- Born: May 29, 1974 (age 52)
- Education: New York University (MBA)
- Known for: Founder of Blandford Capital Co-founder of Greybull Capital
- Spouse: Micheala Nahmad
- Family: Marc Meyohas (brother) Sarah Meyohas (sister) Ezra Nahmad (father-in-law) Helly Nahmad (brother-in-law)

= Nathaniel Meyohas =

French businessman (born 1974)

Nathaniel Jerome Meyohas (born May 29, 1974) is a London-based French businessman who is a founding partner of Blandford Capital. Until 2018 Meyohas was a partner at Greybull Capital.

==Biography==
Meyohas was born in Paris, France to a Sephardi Jewish family. His sister is New York artist Sarah Meyohas. His brother is Marc Meyohas who is also a business partner.
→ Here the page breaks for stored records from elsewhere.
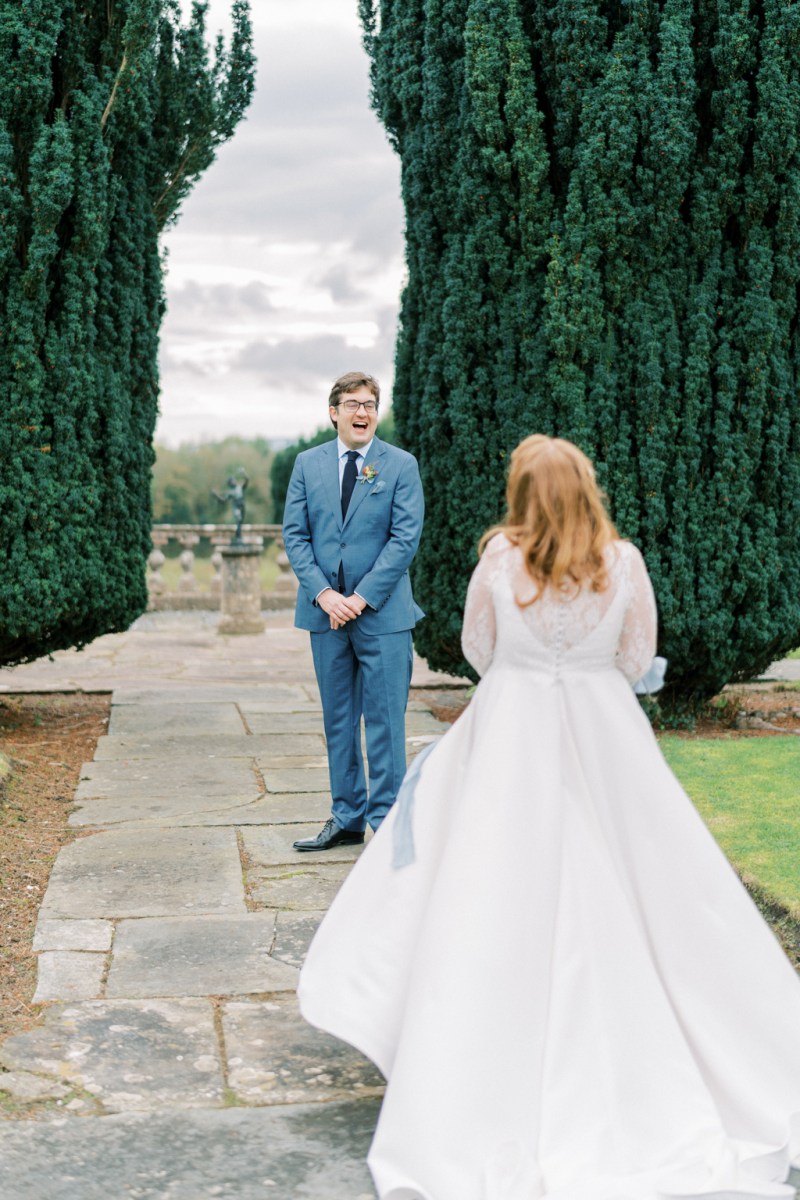 Bride approaches groom embrace holding bouquet in garden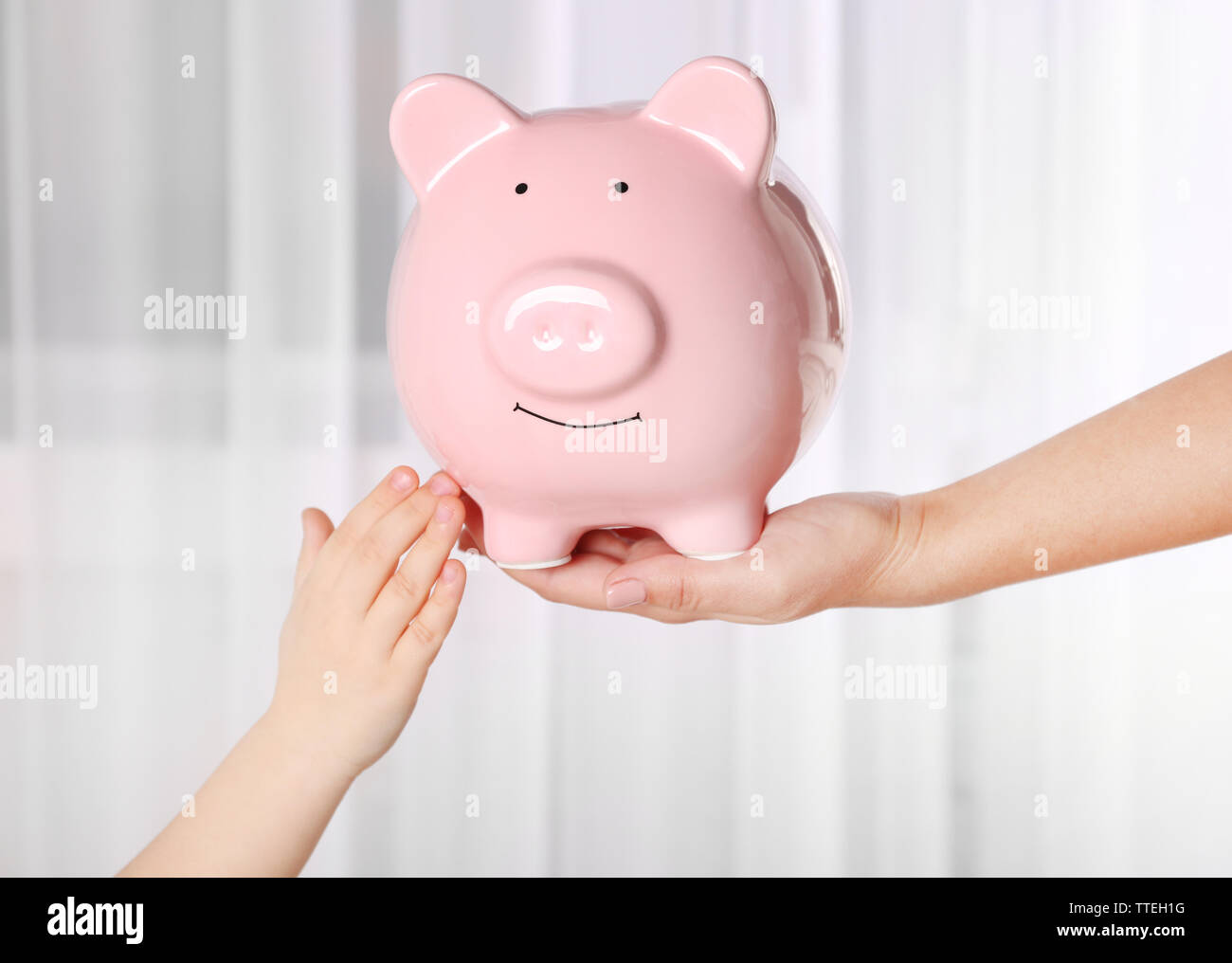 Savings concept. Piggy bank in parent and child hands Stock Photo - Alamy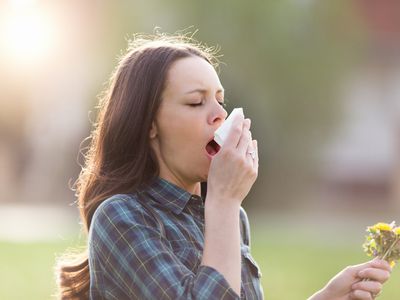 Woman sneezing while holding tissue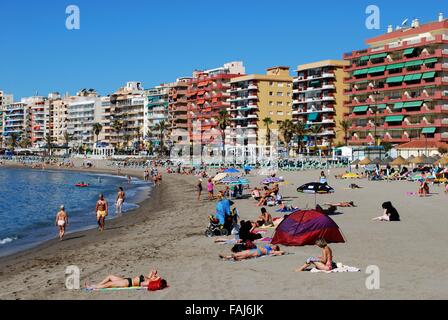 I villeggianti rilassante sulla spiaggia con alberghi e appartamenti per la parte posteriore, Fuengirola, provincia di Malaga, Andalusia, Spagna. Foto Stock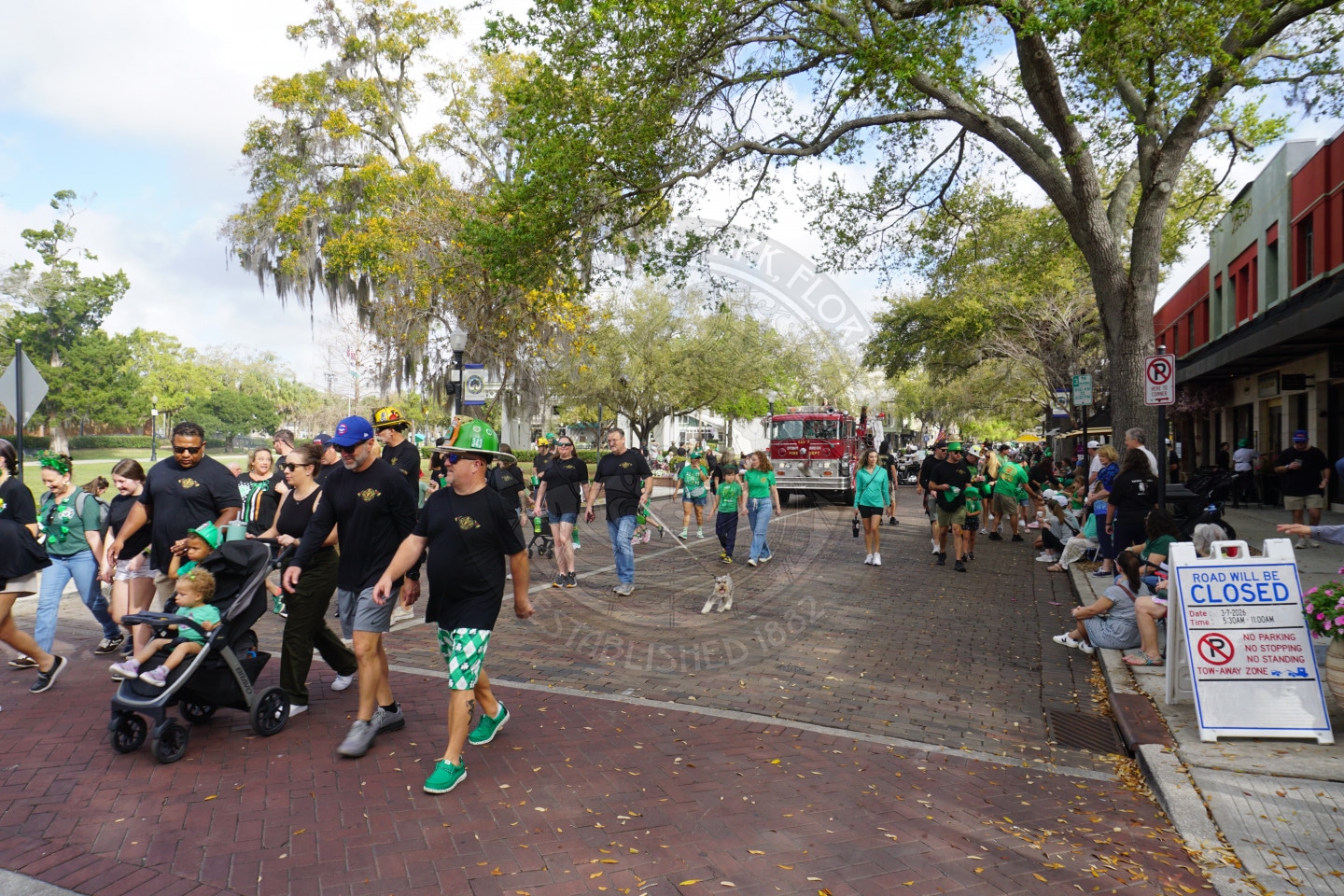 A group of people, many wearing green, walk in a festive parade on a tree-lined street. Some push strollers, others walk dogs. A firetruck is visible in the background.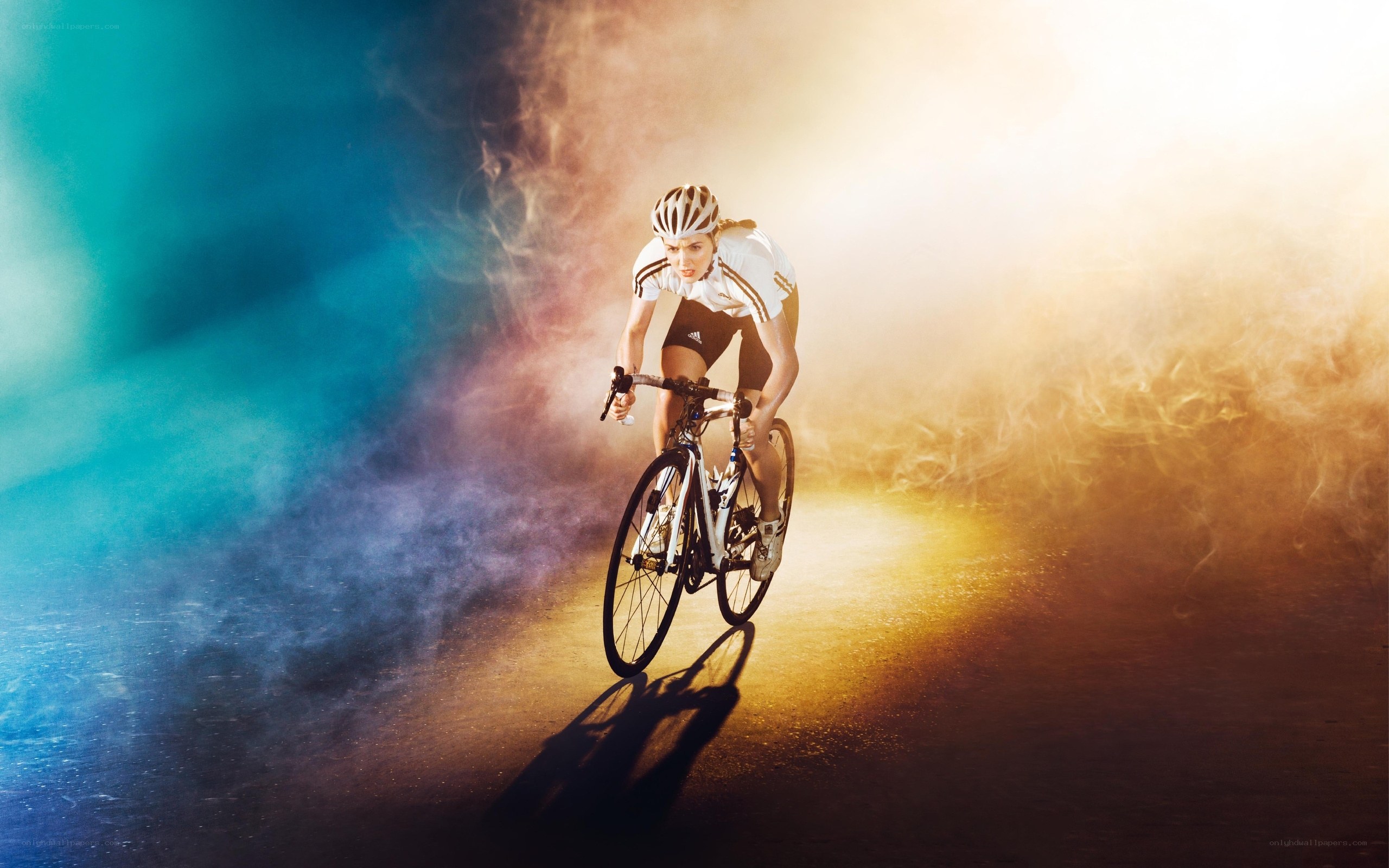 cyclist in motion with colored smoke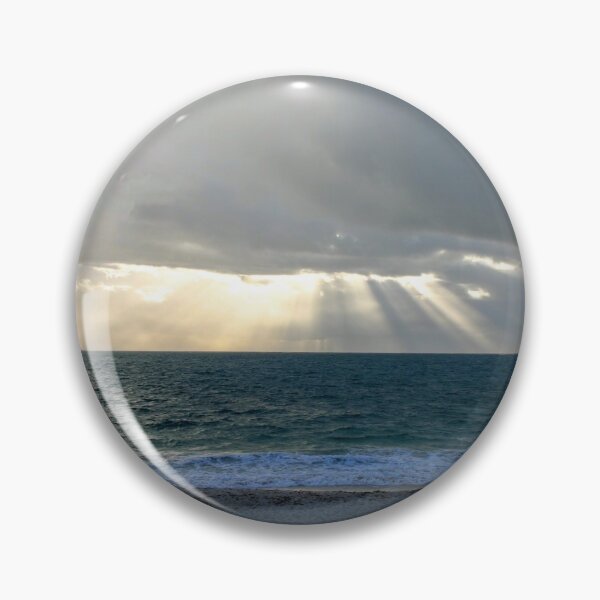 Item preview, Sun shining through clouds at beach designed and sold by eidann.
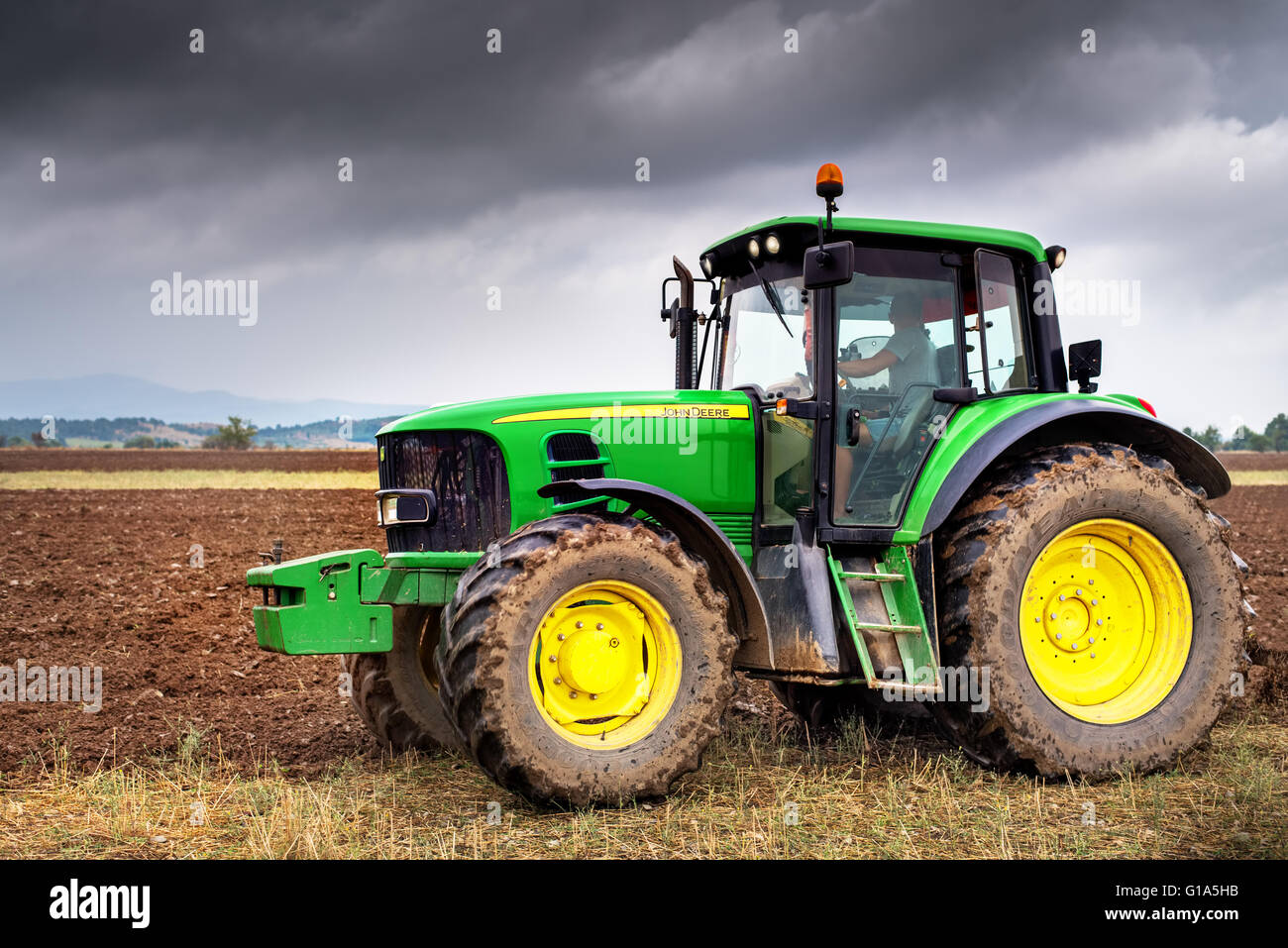 Karlovo, Bulgarien - 22. August 2015: Pflügen ein Feld mit John Deere 6930 Traktor. John Deere 8100 wurde in 1995 - hergestellt. Stockfoto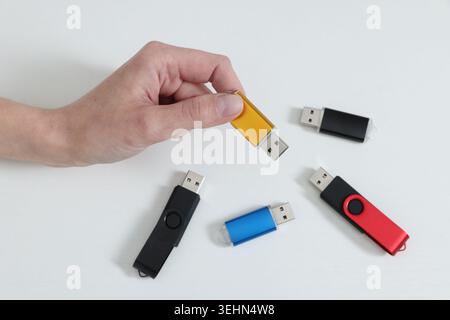 Woman with many USB flash drives on light background, closeup Stock Photo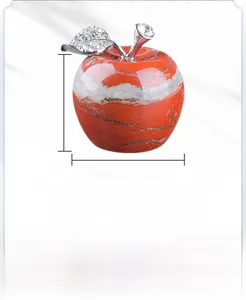 Detail of red stone apple ornament with silver metal leaf and white crystal accents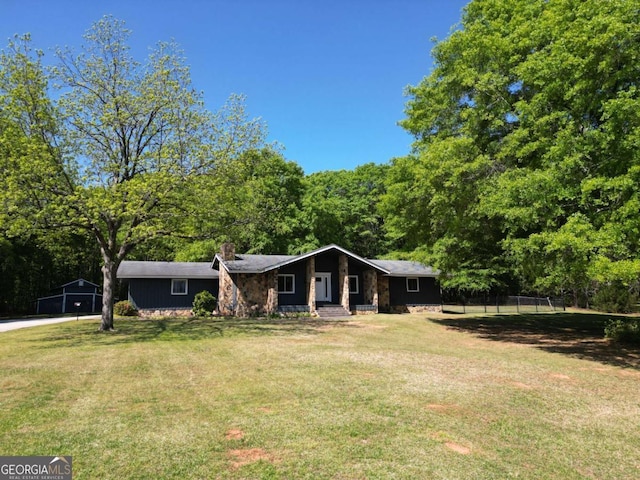 1961 Mars Hill Rd, Watkinsville, GA 30677 - view of front of property with a chimney, a front lawn, and fence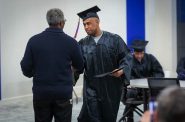 Hienok Demessie, a student who used a Second Chance Pell Grant, walks across the stage at a December 2022 graduation ceremony at the downtown campus of Milwaukee Area Technical College. Photo provided by Milwaukee Area Technical College.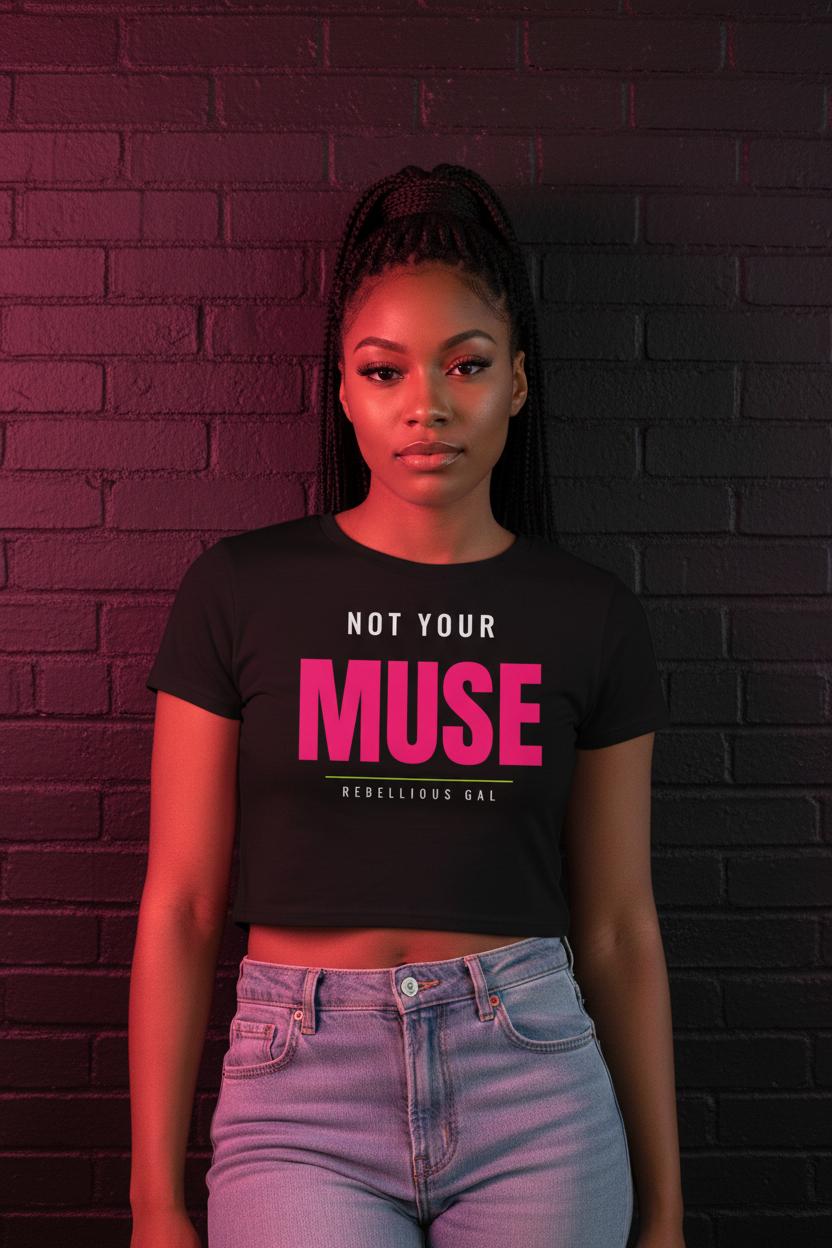 Woman with a braided ponytail in the black Not Your Muse fitted crop tee, brick wall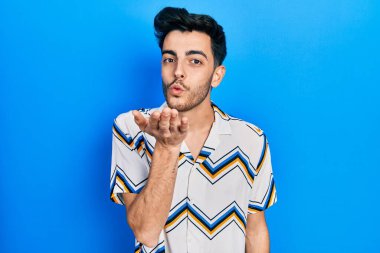 Gündelik giysiler giymiş genç İspanyol bir adam kameraya bakıp havada bir öpücük savuruyor ve sevimli ve seksi oluyor. aşk ifadesi.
He attended Clifton College in Bristol, United Kingdom and is a graduate of the New York University Leonard N. Stern School of Business from where he received an MBA in 2001. Meyohas worked as an investment banker with Lehman Brothers from 1996 to 1999; and then as a principal with Sun Capital Partners from 2003 to 2010.

==Personal life==
Meyohas is married to Micheala Nahmad, daughter of art dealer Ezra Nahmad and sister of Helly Nahmad.